Ein stuermischer Retter
Schlaf war einfach nicht normal, schon gar nicht einer, aus dem er nicht geweckt werden konnte, und genau das sagte sie ihm auch. „Ich möchte, dass du den nächsten nüchternen Arzt zu Rate ziehst, den wir finden können, Nicholas."
„Auf gar keinen Fall! An mir haben schon mehr als genug Quacksalber herumgedoktert."
„Aber ... "
„Nein!", brüllte er, und sie zuckte zusammen. Erst jetzt schien er zu begreifen, wie besorgt sie um ihn war. Er zog sie zu sich auf die Bettkante und nahm ihre Hand. „Es tut mir leid, ich wollte dich nicht anschreien. Als das mit diesen Kopfschmerzen anfing, habe ich einen Arzt aufgesucht - und im Lauf der Zeit nicht nur einen, sondern eine ganze Reihe von ihnen, darunter waren ein paar der besten Ärzte Englands. Ich kenne die Ursache für das Problem, und es ist nichts, worum du dir Gedanken machen müsstest. Eine kleine Unpässlichkeit, das ist alles."
„Aber ... "
„Wir haben nur ein wenig Zeit verloren, mehr ist nicht passiert. Wenn ich damit fertig werden kann, dann kannst du das sicherlich auch."
Faith blieb nichts anderes übrig, als dies zu akzeptieren. Er würde seine Meinung
nicht ändern, das wusste sie. Aber eins war ihr dennoch nicht entgangen - er hatte Ärzte zu Rate gezogen, in der Pluralform, und das bedeutete, dass es sich um etwas Ernstes handeln musste. Das war nicht nur einfach Migräne. Vielleicht so etwas wie Epilepsie? Eine kleine Unpässlichkeit hatte er es genannt.
Was mochte ein Soldat wohl als kleine Unpässlichkeit bezeichnen?
13. KAPITEL
Pflücke die Knospe, solange es geht, und die Blüten, wenn sie noch prangen.
Denn bald sind die Rosenblätter verweht, wie schnell kommt der Tod gegangen.
Robert Herrick
Nach Nicholas' Berechnungen sollten sie Bilbao am kommenden Tag erreichen. Er und Faith beschlossen, diese letzte Nacht in der Nähe eines kleinen Fischerdorfs am Strand zu nächtigen.
Es war eine warme, laue Nacht. Stevens hatte den einheimischen Fischern ein paar Fische abgekauft, und mit Faiths Hilfe bereiteten sie ein köstliches Abendmahl zu, das sie am Lagerfeuer zu sich nahmen.

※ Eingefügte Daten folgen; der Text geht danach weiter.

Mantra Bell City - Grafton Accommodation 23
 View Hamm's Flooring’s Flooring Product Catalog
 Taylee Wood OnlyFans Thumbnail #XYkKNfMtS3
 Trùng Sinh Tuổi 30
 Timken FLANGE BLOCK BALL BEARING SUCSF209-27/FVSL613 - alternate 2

Auf die Bitten aller hin holte Nicholas nach dem Essen die Gitarre hervor. Er spielte eine Reihe vertrauter Weisen, ein paar von Faiths Lieblingsliedern, wenigstens eins für Stevens und den „Mingulay Boat Song" für Mac. Faith kannte den Text und sang mit, doch ihre Stimme wurde rau vor Bewegung, als sie zu der Stelle kam, wo die Frauen am Hafen warteten. Sie warteten auf die Männer, die nicht nach Hause zurückkehrten. Frauen waren im Leben so hilflos. Ihnen blieb nichts anderes übrig, als auf die Heimkehr ihrer Männer zu hoffen und für ihre Sicherheit zu beten. Nie erfuhren sie, wie es ihnen ergehen mochte. Warum nahmen Männer ihre Frauen nicht mit? Das wäre so viel freundlicher, als sie einfach im Ungewissen zurückzulassen.
Als Faith sich die Nase putzte und gegen ihre Ergriffenheit ankämpfte, stimmte Nicholas ein schwungvolles spanisches Lied an. Nach ein paar Takten erhob Estrellita sich mit raschelnden Röcken und fing an zu tanzen.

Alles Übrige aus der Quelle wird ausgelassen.